SINGAPORE: By tweaking work processes, companies can offer more employment opportunities to people with special needs.
Social and Family Development Minister Chan Chun Sing said this can open up doors for them to participate fully in the community.
He was speaking to the media at the opening of Starbucks' 100th store in Singapore, which has six staff with autism.
Starbucks has been helping to train children from the Autism Resource Centre for the last decade.
And its 100th store in Singapore will further this cause.
The artwork on its walls and the special edition tumblers it's selling are designed by one of its students.
It has also employed six staff with autism.
To tap on their strengths, the company re-designed the role of a barista so that they can specialise in what they do best.
Denis Phua, president of Autism Resource Centre and an MP for Moulmein-Kallang GRC, said: "It's not difficult to find employers who are willing to accept people with special needs mainly also because it's such a tight labour market now. There're many kinds of employers out there. The challenge is to find an employer who's willing to put in the extra mile, walk the extra mile to physically construct the place, to modify the work systems, to provide ongoing support, not just on a one-time basis, but on an ongoing basis."

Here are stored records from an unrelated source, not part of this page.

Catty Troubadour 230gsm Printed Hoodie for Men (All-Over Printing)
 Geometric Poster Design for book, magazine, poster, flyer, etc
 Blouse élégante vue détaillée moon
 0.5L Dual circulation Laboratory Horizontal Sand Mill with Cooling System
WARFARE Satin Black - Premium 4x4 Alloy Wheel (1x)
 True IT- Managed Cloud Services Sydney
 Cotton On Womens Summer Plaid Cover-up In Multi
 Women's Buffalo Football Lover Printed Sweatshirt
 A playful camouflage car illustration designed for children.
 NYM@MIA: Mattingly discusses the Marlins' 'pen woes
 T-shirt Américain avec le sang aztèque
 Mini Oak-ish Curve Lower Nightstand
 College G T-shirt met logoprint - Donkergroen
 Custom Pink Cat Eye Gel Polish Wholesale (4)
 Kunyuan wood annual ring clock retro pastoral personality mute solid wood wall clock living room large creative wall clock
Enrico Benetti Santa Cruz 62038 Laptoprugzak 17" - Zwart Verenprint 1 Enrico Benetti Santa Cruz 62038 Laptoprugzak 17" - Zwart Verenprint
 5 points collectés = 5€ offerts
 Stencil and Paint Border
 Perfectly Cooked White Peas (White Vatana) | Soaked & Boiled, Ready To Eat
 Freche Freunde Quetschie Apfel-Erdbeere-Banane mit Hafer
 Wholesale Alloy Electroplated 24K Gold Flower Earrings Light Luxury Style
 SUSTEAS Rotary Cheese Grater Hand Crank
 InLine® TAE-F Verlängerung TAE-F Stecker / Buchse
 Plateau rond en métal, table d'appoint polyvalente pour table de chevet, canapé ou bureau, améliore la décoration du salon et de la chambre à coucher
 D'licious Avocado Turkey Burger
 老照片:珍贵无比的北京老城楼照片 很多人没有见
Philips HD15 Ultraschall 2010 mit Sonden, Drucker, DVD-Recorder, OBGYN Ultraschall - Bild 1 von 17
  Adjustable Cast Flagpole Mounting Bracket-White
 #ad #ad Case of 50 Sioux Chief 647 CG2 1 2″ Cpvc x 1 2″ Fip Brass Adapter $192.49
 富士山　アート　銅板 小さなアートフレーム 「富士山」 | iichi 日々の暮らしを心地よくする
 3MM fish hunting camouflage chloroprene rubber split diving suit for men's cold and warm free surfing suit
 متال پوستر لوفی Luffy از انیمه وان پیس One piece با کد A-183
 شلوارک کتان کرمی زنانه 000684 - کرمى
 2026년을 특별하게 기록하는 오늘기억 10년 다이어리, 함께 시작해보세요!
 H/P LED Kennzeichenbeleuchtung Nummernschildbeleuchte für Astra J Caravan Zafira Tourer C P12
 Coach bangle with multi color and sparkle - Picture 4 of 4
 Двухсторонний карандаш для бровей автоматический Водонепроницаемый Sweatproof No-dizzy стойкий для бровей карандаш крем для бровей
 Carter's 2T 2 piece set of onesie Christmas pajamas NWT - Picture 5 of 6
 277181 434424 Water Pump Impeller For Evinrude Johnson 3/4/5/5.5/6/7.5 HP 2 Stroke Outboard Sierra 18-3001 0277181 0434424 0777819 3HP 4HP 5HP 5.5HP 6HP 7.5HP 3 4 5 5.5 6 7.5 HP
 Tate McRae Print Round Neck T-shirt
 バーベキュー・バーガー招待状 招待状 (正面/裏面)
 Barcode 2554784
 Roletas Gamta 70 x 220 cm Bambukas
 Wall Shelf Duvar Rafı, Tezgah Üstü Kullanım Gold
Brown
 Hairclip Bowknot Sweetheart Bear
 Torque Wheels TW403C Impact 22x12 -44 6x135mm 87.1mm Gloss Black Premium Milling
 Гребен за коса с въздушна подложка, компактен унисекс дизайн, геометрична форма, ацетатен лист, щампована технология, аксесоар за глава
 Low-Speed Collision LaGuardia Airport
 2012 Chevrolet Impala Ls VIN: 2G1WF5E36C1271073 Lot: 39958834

Mr Chan said: "Actually, many corporations can come on board by just doing a bit of redesigning of their work processes and then that will open up many doors for the people with special needs to participate fully in the community.
"This is the kind of spirit that we hope to see - that people come on to this venture not just because they seem to pity the people with special needs but they actually see the people with special needs as partners worthy in their own right to be able to contribute meaningfully to their company and the job that they provide for."
Mr Chan said he hopes more companies can come onboard to offer job opportunities to people with special needs.